Photograph of Jacob Cable, Madeline Church and Peter Zinkin
Cllr Jacob Cable (Green), newly-elected NLWA chair, with Cllr Madeline Church (Green) from Enfield and Cllr Peter Zinkin (Conservative) from Barnet who were elected as Vice-Chairs. Photograph: NLWA

Cllr Jacob Cable, Hackney’s cabinet member for climate, clean air and transport, has been elected chair of the North London Waste Authority, the body responsible for managing waste and recycling for two million residents across seven boroughs.

The Green Party councillor was chosen by the authority’s members at its annual meeting on Thursday, 25 June. The NLWA is run by 14 elected representatives drawn from Barnet, Camden, Enfield, Hackney, Haringey, Islington and Waltham Forest. Cllr Madeline Church, a Green from Enfield, and Cllr Peter Zinkin, a Conservative from Barnet, were elected vice-chairs.
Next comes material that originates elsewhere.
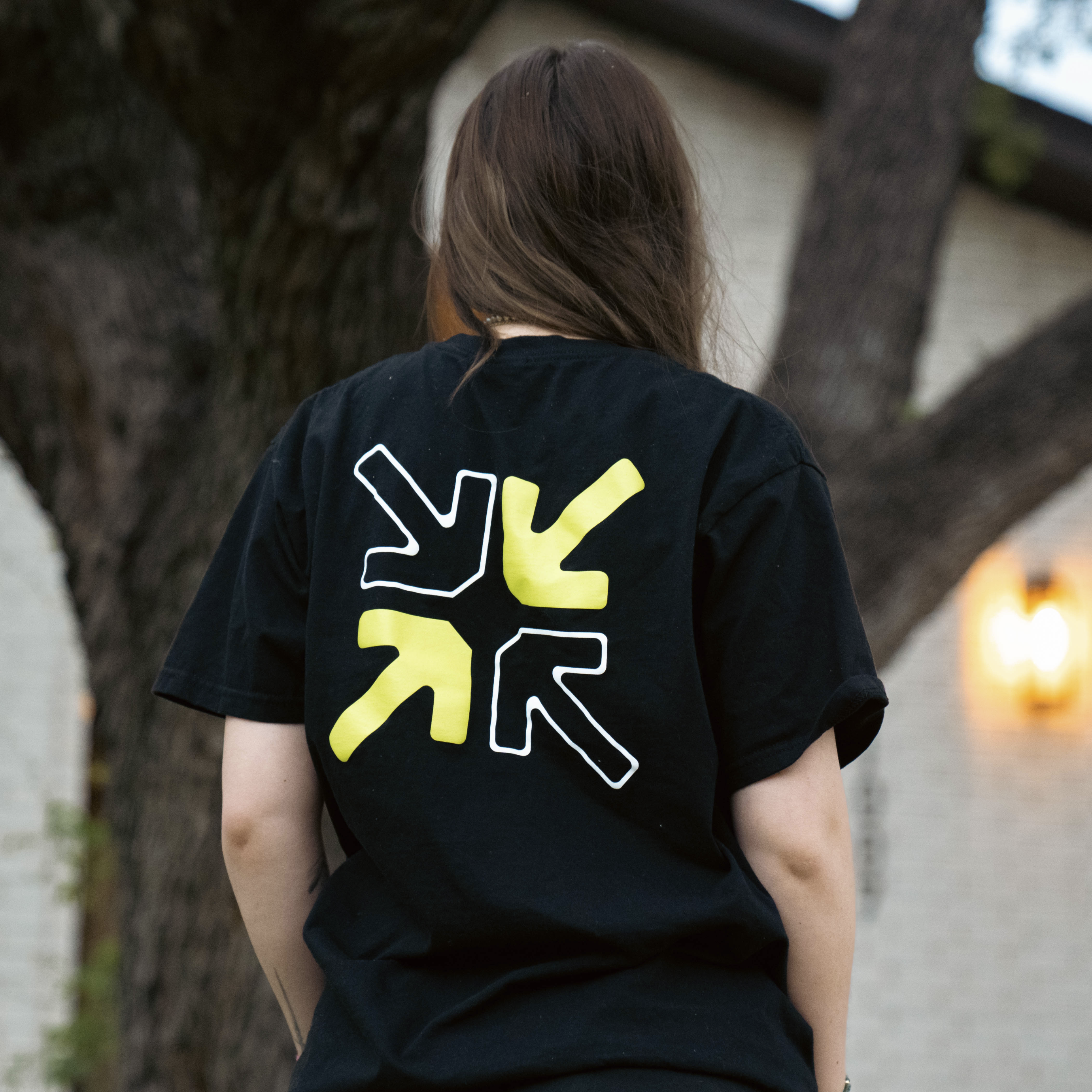 M80 Essentials Tee - Black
“I am honoured to have been elected chair of NLWA,” Cable said. “My objective is to lead NLWA in an open and participatory way and ensure that we work to reduce waste in all its forms.”

Photograph of Jacob Cable
New chair Cllr Jacob Cable. Photograph:NLWA

He takes over an authority that used the same meeting to approve its annual report for 2025–26 — and one still wrestling with the long-delayed incinerator at the heart of its operations.

By the end of the year, construction of the publicly owned Energy Recovery Facility at Edmonton EcoPark was just over half complete, with around 70 per cent of the specialist equipment ready to be installed. The authority acknowledged “there have been delays” but insisted there was “steady and active progress on the construction site every day”. In the meantime, the NLWA said it had been working with its operating arm, LondonEnergy Ltd, to keep the existing plant running “for longer than originally intended” — a tacit admission that north London will be burning waste at the ageing facility well beyond the timetable once set out.
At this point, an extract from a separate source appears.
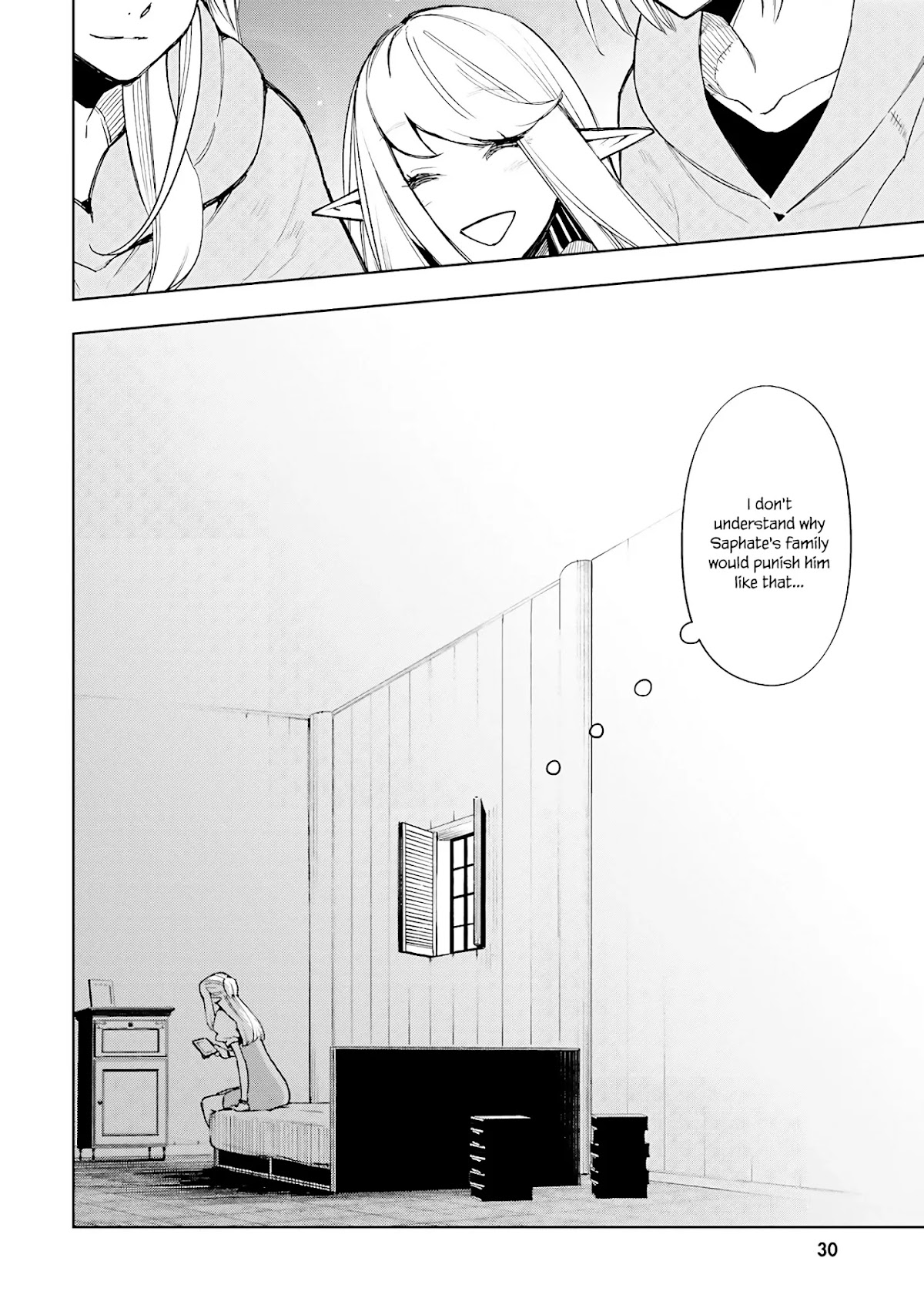 Frontier Diary Chapter 6 page 31 - Chapter 6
The Edmonton incinerator, costed at £1.2bn at 2019 prices, has been opposed for years by environmental campaigners, who argue that committing the region to large-scale waste burning for decades undercuts efforts to cut, reuse and recycle.

On the recycling front, the report struck a more confident note. Reuse and recycling rose to 29.7 per cent over the year, with more than 83 per cent of material taken to the authority’s recycling centres recycled, while residual waste fell by more than 22,000 tonnes and none was sent to landfill. Food waste recycling climbed sharply to 27,786 tonnes, which the authority attributed to expanded collections and new national rules requiring separate food waste collection.
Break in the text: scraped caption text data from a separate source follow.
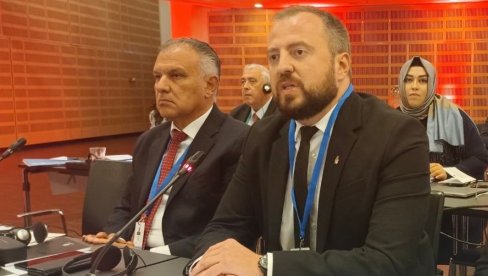 ХРВАТ ПРОВОЦИРАО, МИРКОВИЋ МУ ОДГОВОРИО: Причате о европским вредностима, а у тој земљи пола милона људи пева о убијању и клању Срба!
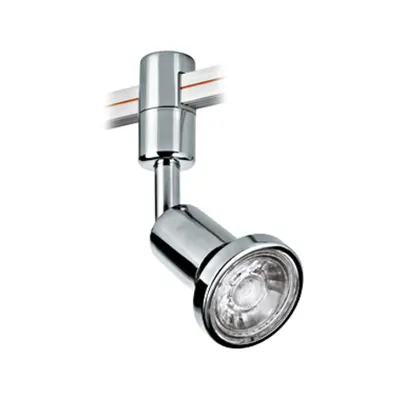 Villanova Buzz 8W 3000K 409lm chrome IP20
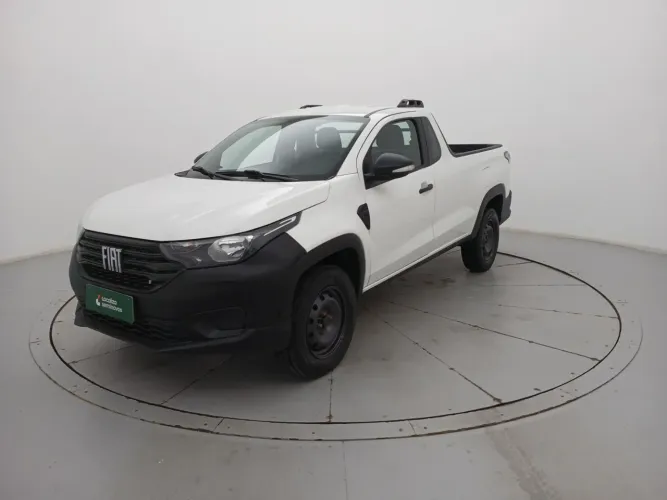 Fiat Strada Endurance 1.3 Flex 8V CS 2025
A recycling taskforce engaged 30,000 residents in targeted areas to lift recycling rates and cut contamination, and a new four-year, £1m community fund was launched. EcoPark House, an education and community centre on the Edmonton site, welcomed more than 1,000 students in its first year.

Financially, the authority reported spending £93.9m against a £98.5m budget, with the £4.6m underspend earmarked to reduce future costs for the constituent boroughs.

The meeting also marked the first full year of the North London Joint Waste Strategy 2025–2040, adopted by all seven boroughs, which sets targets including halving avoidable food waste, increasing reuse and recycling, and processing all of the region’s recycling within the UK by 2030.